THE BORDERS OF MULTICULTURAL COMMUNICATION: ETHNIC- SYMBOLIC REPRESENTATIONS IN AUSTRALIAN SPACE
Multicultural communication between heterogeneous ethnic groups functions in a culturally variegated environment and is based on simplified ethnic symbols. Ethnic symbols are generally being built through mass media in the conscience of members of ethnic groups as well as in the majority, mainstream society. The Australian multiethnic space with its multiculturalism policy and with the opening of the space to public representation of ethnic groups, is building a fragmented ethnic environment. In it, we can follow on the one side progressive and increasing integration of some initial immigrant groups (and of their descendants) into Australian environment, and on the other, a growing marginalisation of some other, recently immigrated ethnic groups (and of their descendants). Ethnic environment with its symbolic representation of individual ethnicities is still functioning similarly as it did in the past, that is based on assimilatory logics, which distinguishes between “us”, and those that are “foreign and different”.
In the Australian multicultural space, communication between ethnic groups and the mainstream is frequently a one-way process; the media as well often aim their look only from the minority towards the majority and thus do not succeed in reaching the entire multicultural spectrum. Evident is the duality of media representations, which provoke stereotype ethnic images on two levels: one is good, the other bad, one more positive, the other more negative. Duality in media mediation of ethnic representations can be perceived even with representations of a single ethnicity. We are witnessing this phenomenon in modern Australian society especially with some ethnic groups from Asian ethnic space.

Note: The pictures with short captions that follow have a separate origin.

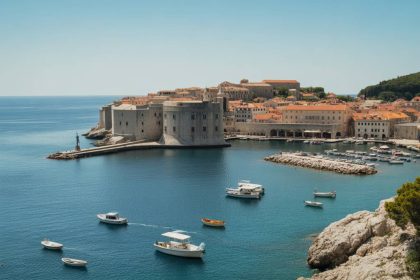 Voyage de noces en Croatie : entre îles dalmates et charme médiéval de Dubrovnik
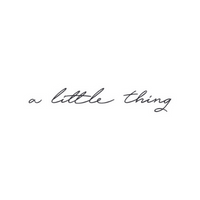 A Little Thing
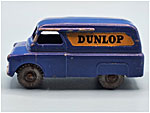 Bedford Dunlop Van 1c
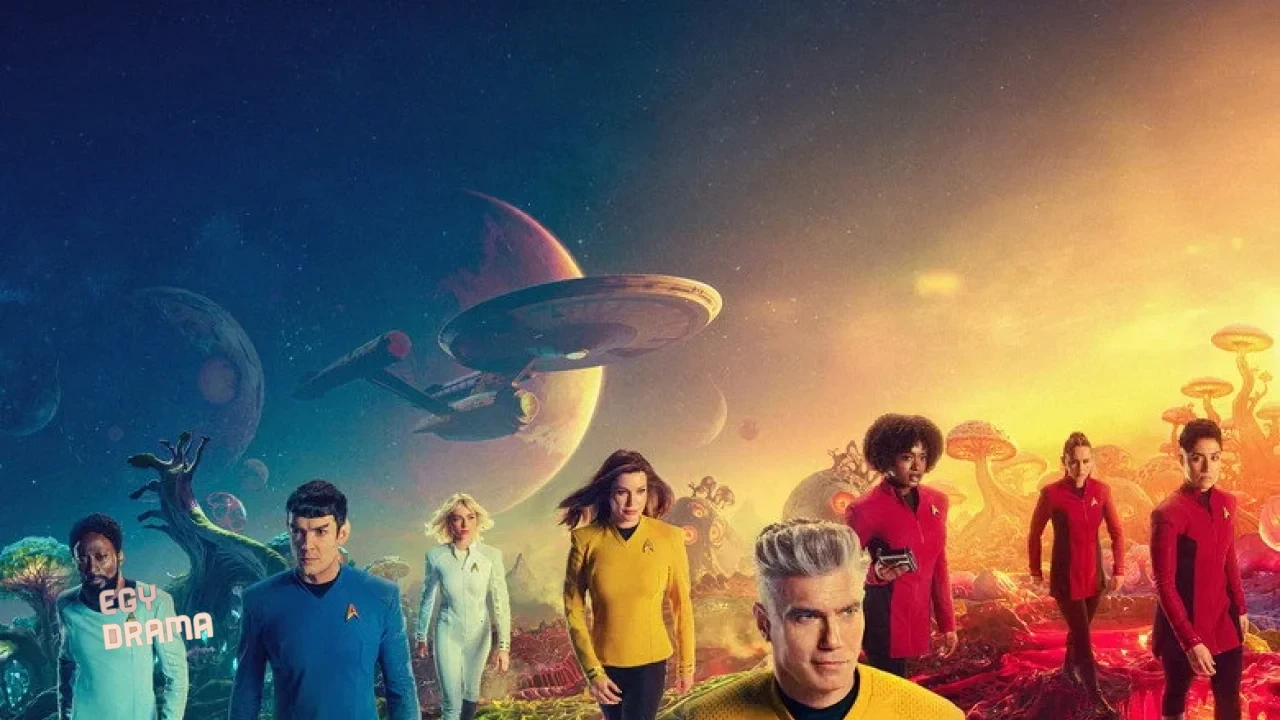 Star Trek: Strange New Worlds الموسم الثاني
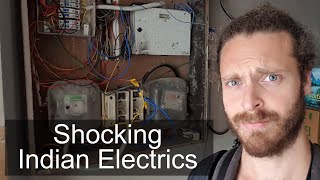 Dangerous Shocking Indian Electrics  Come Code With Me  Codebreakers [upl. by Eada585]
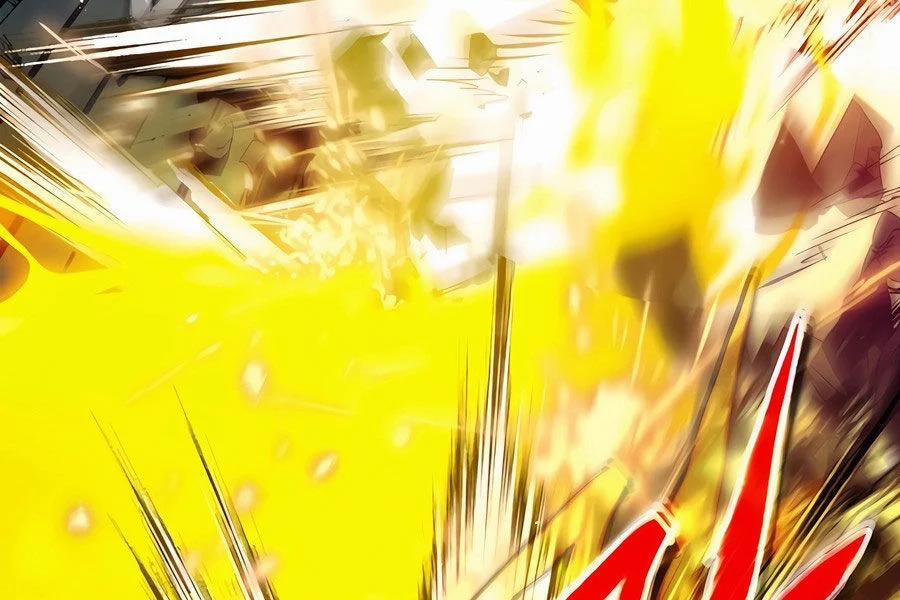 Thăng Cấp Cùng Thần 122 trang 138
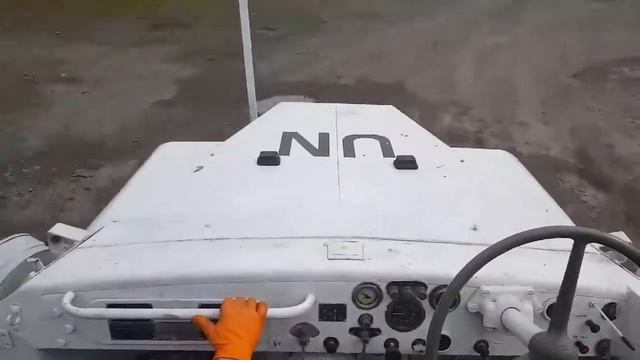 Thunderbird 2 - Acmat test drive смотреть онлайн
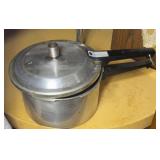 MIRRO PRESSURE COOKER (ALT LOCATION)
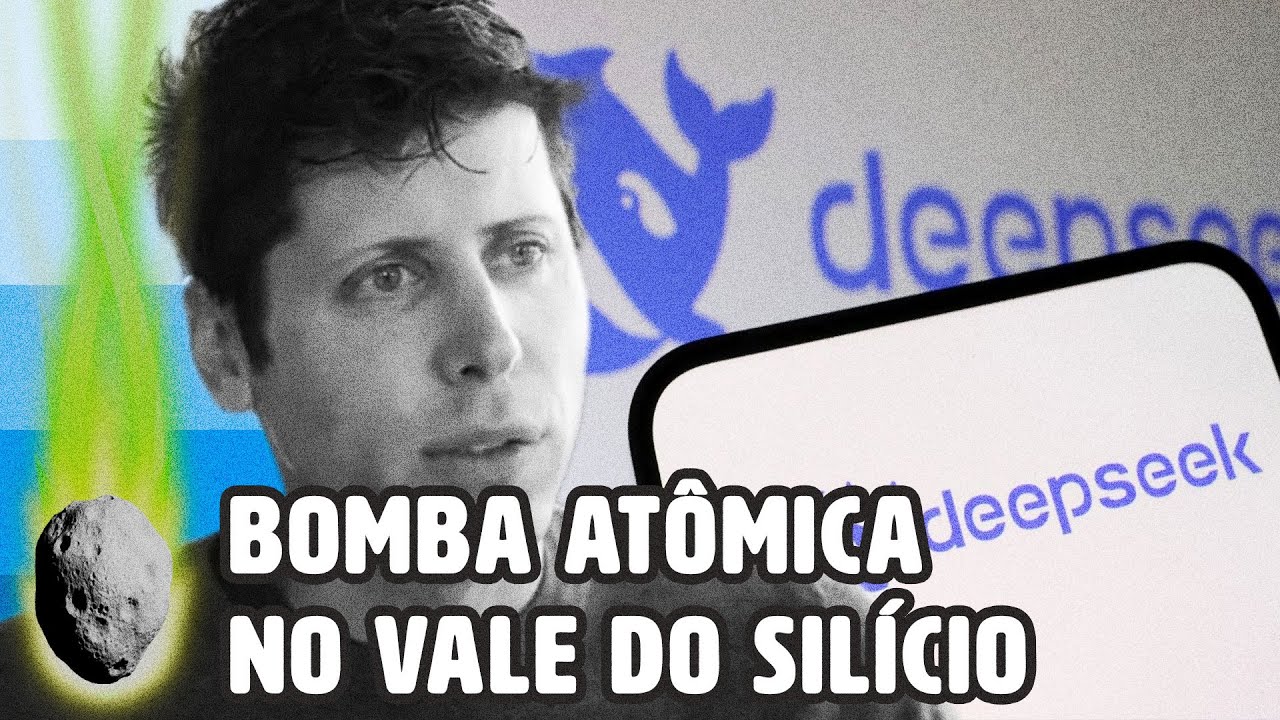 CHINA MUDA TUDO COM NOVA IA | PLANTÃO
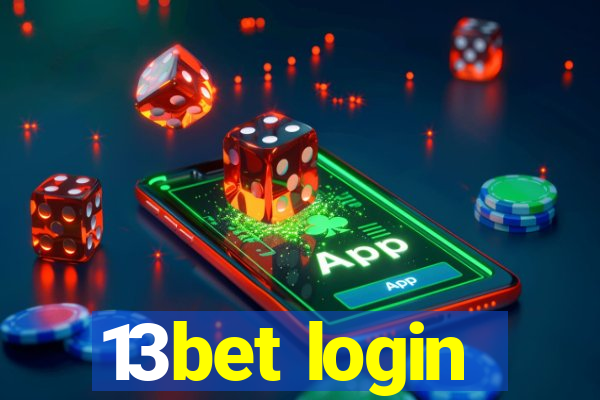 13bet login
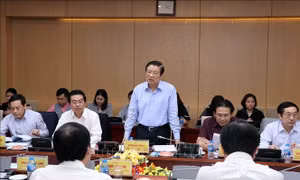 Ngăn chặn nguy cơ nảy sinh tham nhũng ngay từ khi xây dựng chính sách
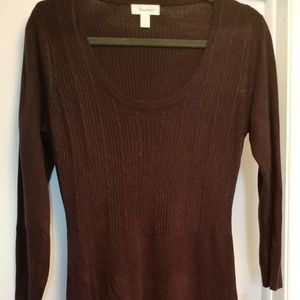 Womens sweater dress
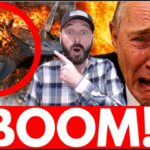 BREAKING: Russia's Stealth Fighters DESTROYED In Shock Attack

Slovenian culture has in the Australian environment always been (at least to a large extent) in the positive value scope of European immigration although individuals were able due to their relative “invisibility” and numerical smallness, to move, willingly or not, between individual ethnic groups as well as between ethnic groups and the mainstream society. Despite the fact that we can on the one hand speak of heterogeneity of ethnic representations in multicultural space, we can on the other hand follow gradual homogenisation of some ethnic groups. Thus, despite ethnic diversification in an ethnically mixed and global space, ethnic representations are being created, which are multicultural and are because of their multiculturalism and multi-significance becoming more and more connected and homogeneous.